My sister was placed in the position to bring change into that situation and to get these nursing homes back on track and out of the circle of governmental supervision. One of the things she had to do was choosing the leadership style. In her situation that meant choosing something different than her character. Her character is very open, very participative and democratic at the same time. Participative means that the role of the manager in group meetings should be primarily to guide the discussion and keep it supportive, constructive, and oriented toward problem solving (Yukl 2010).

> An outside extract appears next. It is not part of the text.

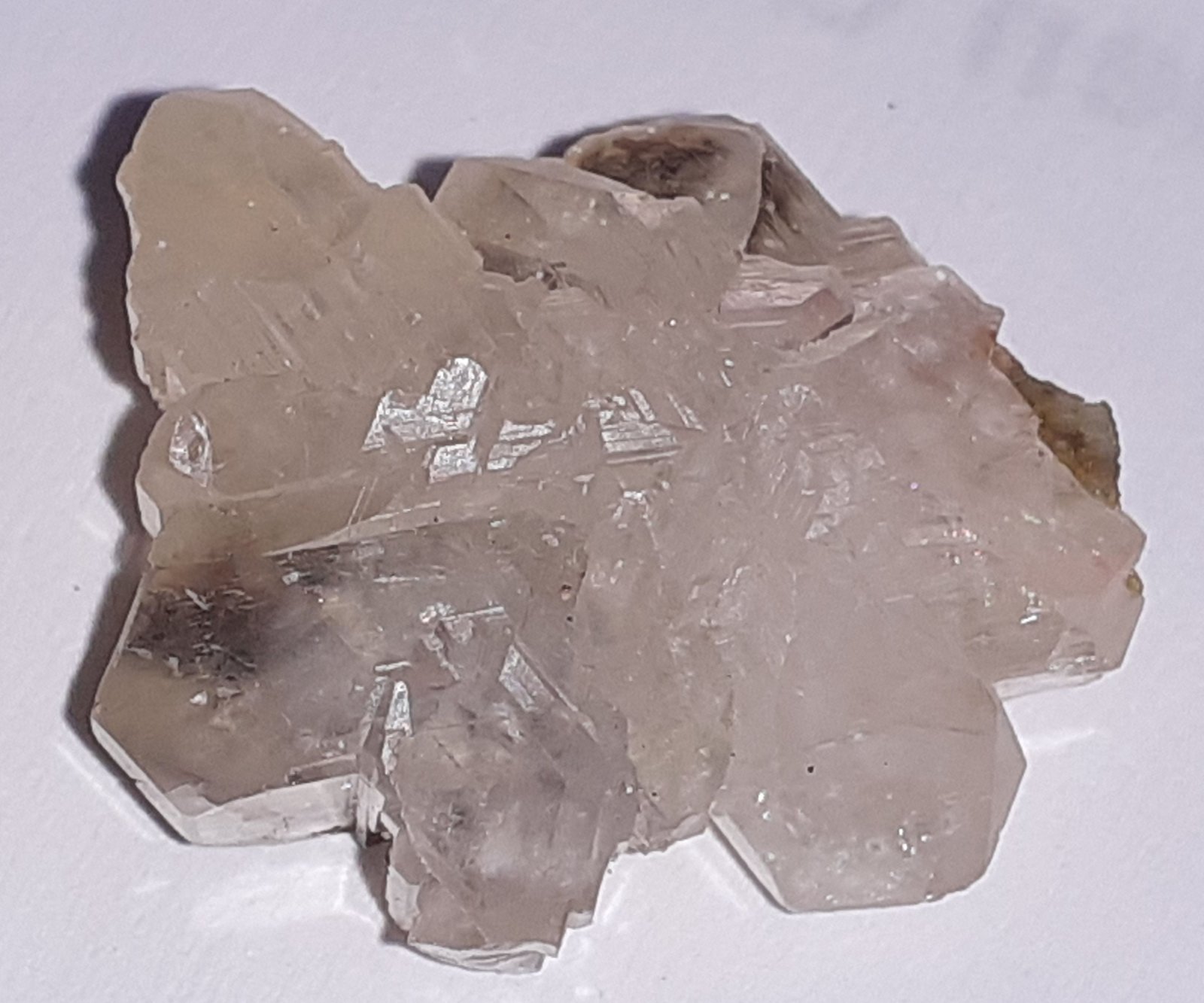 Cerussite
2,2 x 1,8 cm
(Autor: Volkmar Stingl)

The situation in these nursing houses demanded a different style to start with. Although a transformational style is better in the long run; when the situation is really bad a transformational style can be interpreted as yet another weak leadership approach. Transformational leaders ask their followers to engage in an exchange of mutual trust and confidence, rather than material benefits, based on the quality of the relationship between them and their shared values and goals (Pardey 2007). The trust levels in these nursing homes for elderly people between the workers and the leaders was almost totally absent and at least in a state of low mutual trust and respect.

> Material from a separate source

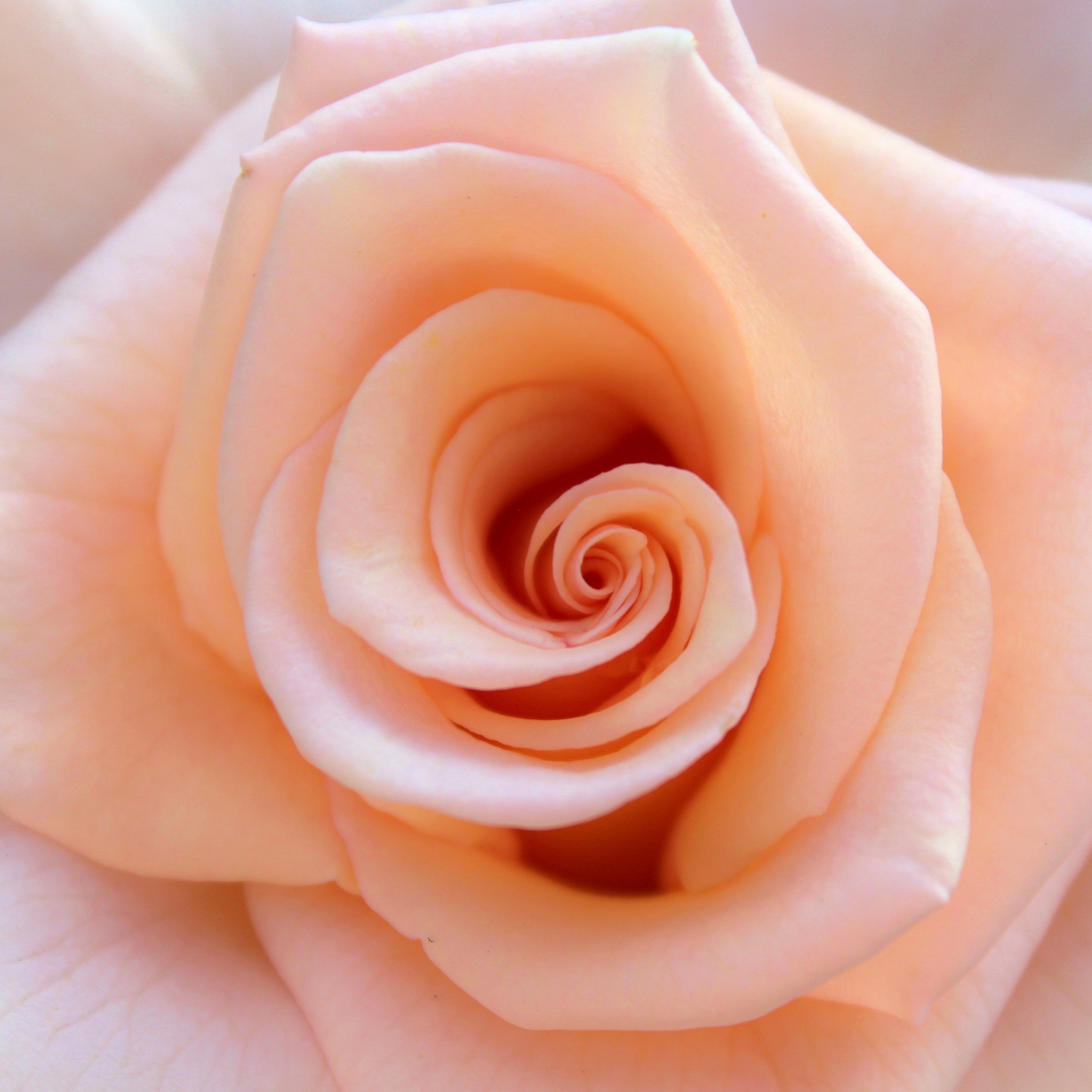 Soft Peach Oseana Hybrid Tea Roses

So, she decided to start with a more task oriented and transactional style of leadership. Transactional leaders are leaders who treat leadership as an exchange (a ‘transaction’) between leaders and followers. Thus transactional leaders are leaders who offer people power and economic prosperity in exchange for the right to lead them (Pardey 2007). This is not always bad and can be used to create a situation of stability after which someone can choose to introduce a more transformational style of leadership where mutual trust, respect and confidence is more important.

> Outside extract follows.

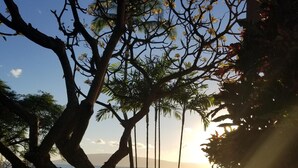 Un sendero que conduce a una zona verde con vista al océano y un atardecer.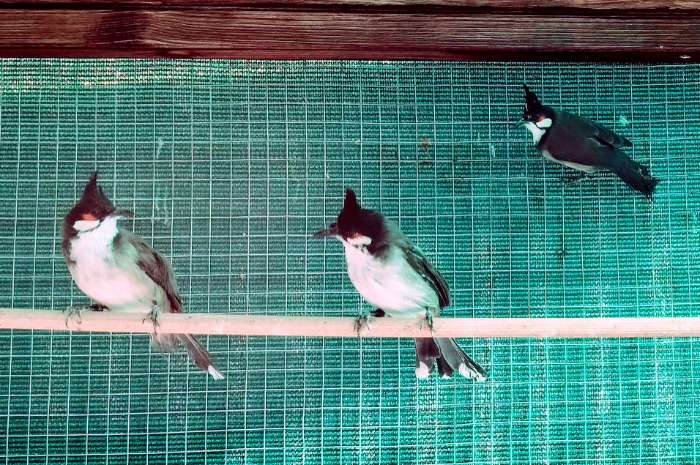 roodoorbuulbuul mutation split silber rotohrbülbül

It is very interesting to see that my sister was able to create the needed stability by first choosing the more transactional and task-oriented style from where she could introduce the more democratic and transformational style after building a profound foundation of trust through leading by example. My sister showed dedication and companionship by leading the tasks and even doing them with the workforce together.
The working force was rewarded when they did the tasks right, clean and by the letter. This was combined with being an example by doing the tasks together with that working force and by showing them that my sister herself took the tasks and the changes very serious. Repetition was a key factor. My sister walked the talk and talked the walk. She created a sense of urgency and formed a group of followers and sponsors for the change. Furthermore she formulated a clear and understandable vision of where to go and she communicated that constantly and lived and acted by it. Slowly the transactional style was replaced by the transformational style to secure the future stability of the changes. Especially in terms of moving beyond transactional approaches to leadership (“You do this and I will reward you with that”), leaders need to access more inclusive levels of self-concept in followers and that was exactly what my sister did (Conger & Riggio 2007).
I'm very proud that my sister achieved the almost un-achievable and did it by being the transformational example.
Conger, JA & Riggio, RE 2007, The Practice of Leadership, 1st edn, John Wiley & Sons, San Fransisco.
Pardey, D 2007, Introducing Leadership, 1st edn, Butterworth-Heinemann, Burlington.
Yukl, G 2010, Leadership in Organizations, Seven edn, Pearson Prentice Hall, London.